◆ **EXERCISE DESCRIPTION**: Please copy every record below exactly, but leave the pictures out.

BEGIN DATA EXTRACT

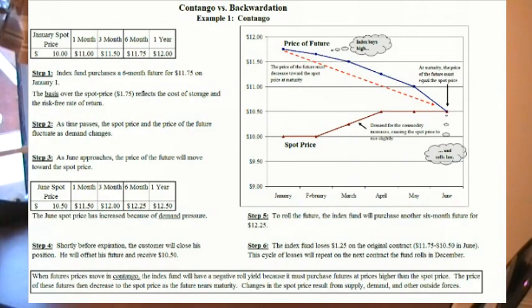Let's look at an example of contango price movement. The index fund purchases a six-month future for $11.75 on January 1st. This represents a basis of $1.75 over the spot price of $10, reflecting the cost of storage and the risk-free rate of return. Over time, the spot price and the price of the future will fluctuate as demand changes. However, as June approaches, the price of the future will move toward the spot price. In this example, the June spot price is $10.50, so the price of the future decreases from $11.75 toward the new spot price of $10.50.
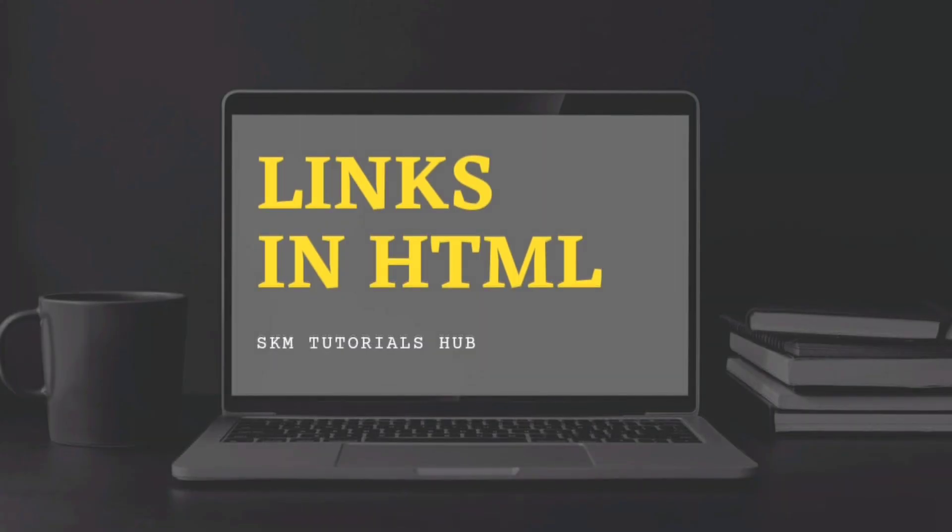So that's all about links in HTML. If you have any further queries, you can tell us in the comments. And also don't forget to subscribe to our channel for the latest updates. See you in the next video. Thank you.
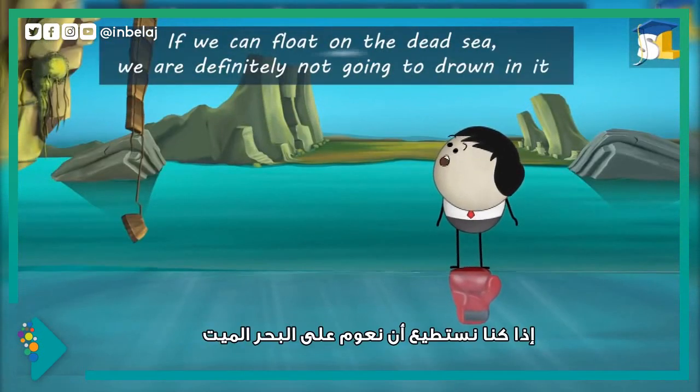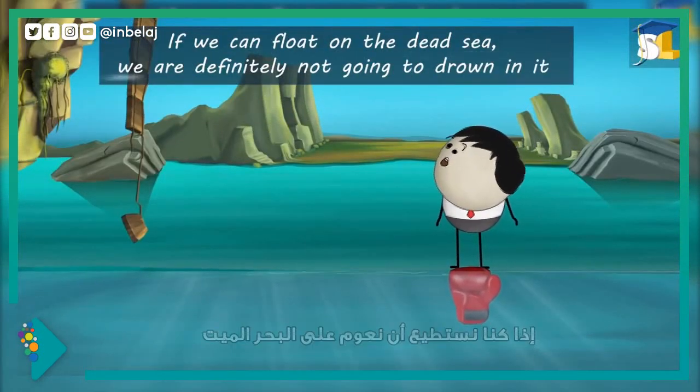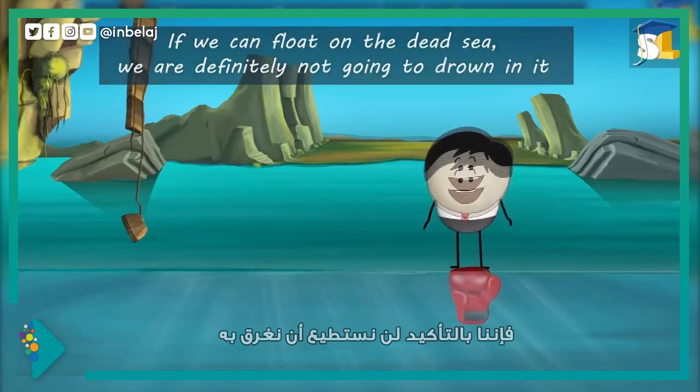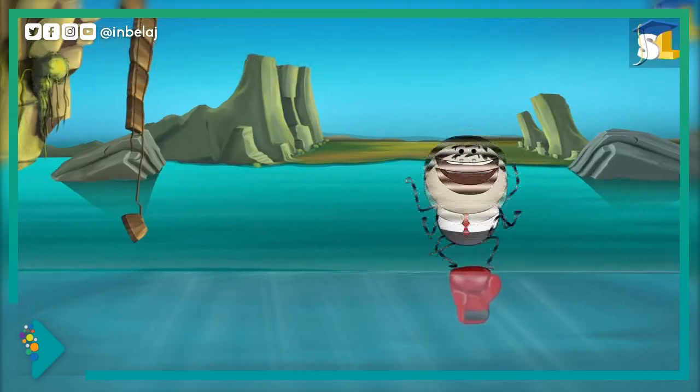So, if we can float on the Dead Sea, we are definitely not going to drown in it. Hooray!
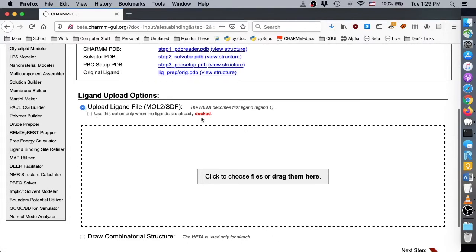If your structures are not pre-docked, CharmGUI will attempt to position the ligands for you. Note that the positioning is based on the selected residue, toluene in this case. Thus, if you upload ligands with a very different structure, the positioning may be less accurate.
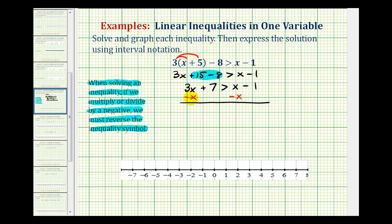Three x minus x, or three x minus one x, would be two x. So we have two x plus seven is greater than negative one. Now we have a basic two-step inequality, so we need to undo this addition as well as undo this multiplication. We always undo addition and subtraction first, so the opposite of plus seven would be minus seven.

END DATA EXTRACT

◆ **RESPONSE TO THE EXERCISE**:
Let's look at an example of contango price movement. The index fund purchases a six-month future for $11.75 on January 1st. This represents a basis of $1.75 over the spot price of $10, reflecting the cost of storage and the risk-free rate of return. Over time, the spot price and the price of the future will fluctuate as demand changes. However, as June approaches, the price of the future will move toward the spot price. In this example, the June spot price is $10.50, so the price of the future decreases from $11.75 toward the new spot price of $10.50.
So that's all about links in HTML. If you have any further queries, you can tell us in the comments. And also don't forget to subscribe to our channel for the latest updates. See you in the next video. Thank you.
So, if we can float on the Dead Sea, we are definitely not going to drown in it. Hooray!
If your structures are not pre-docked, CharmGUI will attempt to position the ligands for you. Note that the positioning is based on the selected residue, toluene in this case. Thus, if you upload ligands with a very different structure, the positioning may be less accurate.
Three x minus x, or three x minus one x, would be two x. So we have two x plus seven is greater than negative one. Now we have a basic two-step inequality, so we need to undo this addition as well as undo this multiplication. We always undo addition and subtraction first, so the opposite of plus seven would be minus seven.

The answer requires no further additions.